Brief:
Repeat every line of the data exactly; no picture belongs in the copy.

Data for processing below:

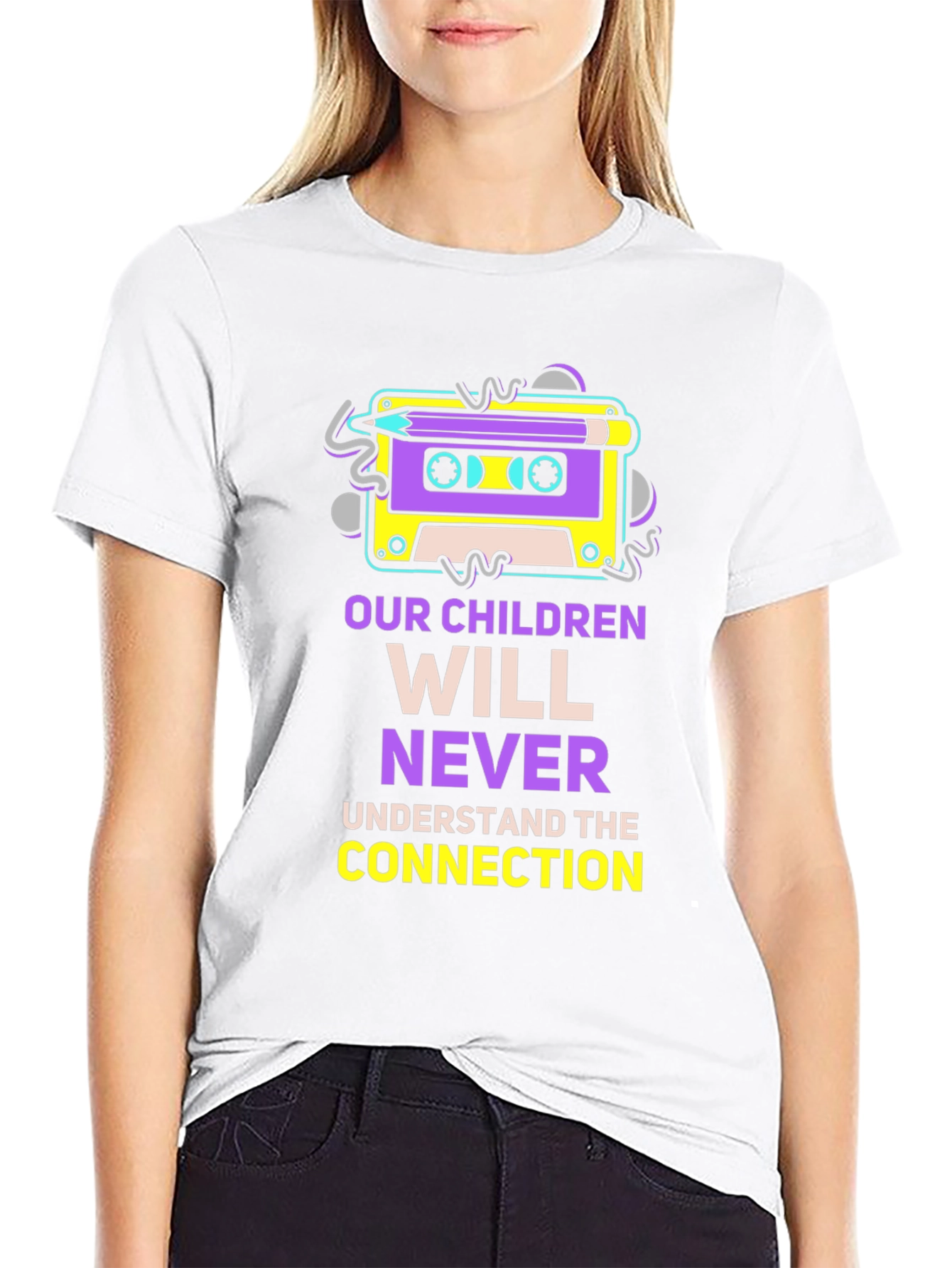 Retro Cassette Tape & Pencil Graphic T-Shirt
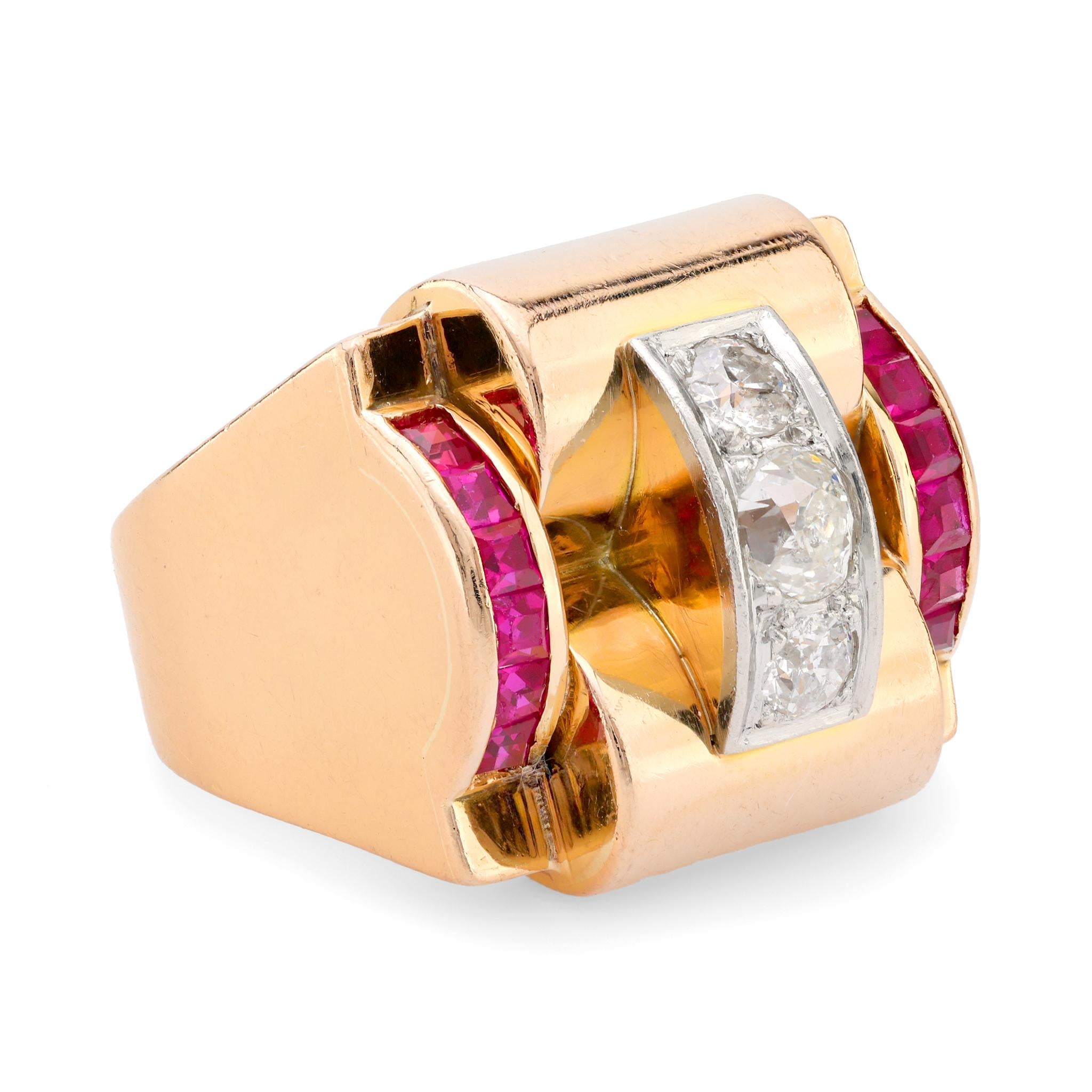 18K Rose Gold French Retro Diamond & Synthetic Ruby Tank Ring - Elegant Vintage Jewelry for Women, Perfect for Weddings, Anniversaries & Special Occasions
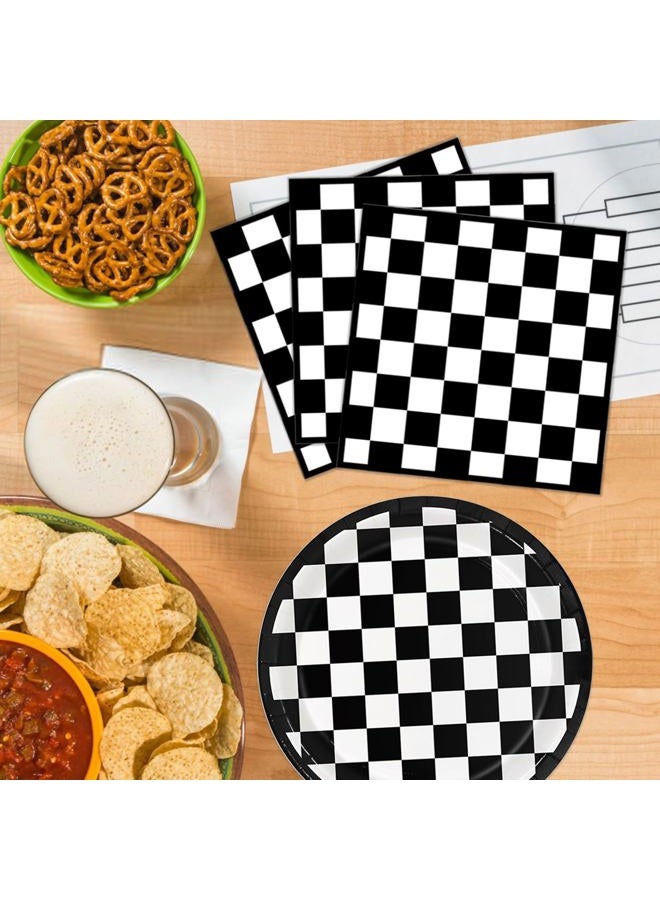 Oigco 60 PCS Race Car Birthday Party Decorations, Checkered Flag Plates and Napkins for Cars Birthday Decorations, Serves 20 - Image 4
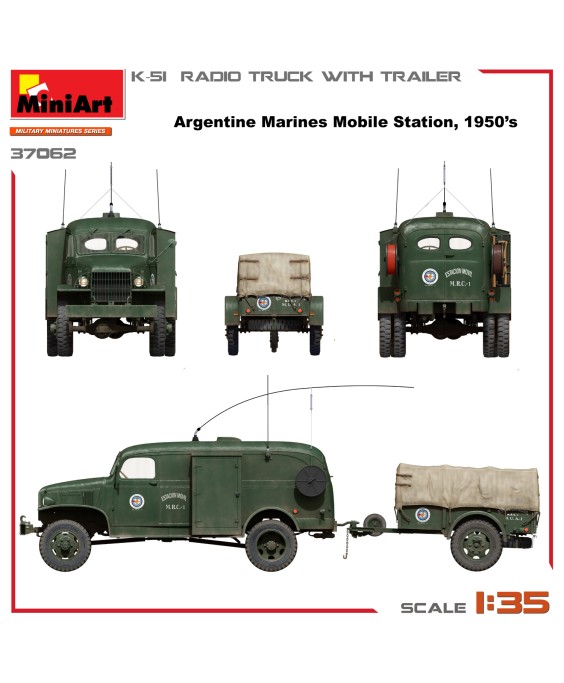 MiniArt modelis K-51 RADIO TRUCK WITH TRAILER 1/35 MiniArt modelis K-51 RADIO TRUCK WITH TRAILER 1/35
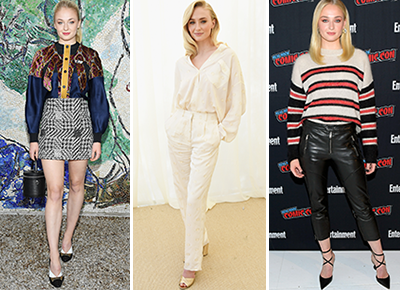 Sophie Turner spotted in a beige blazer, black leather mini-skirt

End of Data for processing.

Output:
 Retro Cassette Tape & Pencil Graphic T-Shirt
 18K Rose Gold French Retro Diamond & Synthetic Ruby Tank Ring - Elegant Vintage Jewelry for Women, Perfect for Weddings, Anniversaries & Special Occasions
 Oigco 60 PCS Race Car Birthday Party Decorations, Checkered Flag Plates and Napkins for Cars Birthday Decorations, Serves 20 - Image 4
 MiniArt modelis K-51 RADIO TRUCK WITH TRAILER 1/35 MiniArt modelis K-51 RADIO TRUCK WITH TRAILER 1/35
 Sophie Turner spotted in a beige blazer, black leather mini-skirt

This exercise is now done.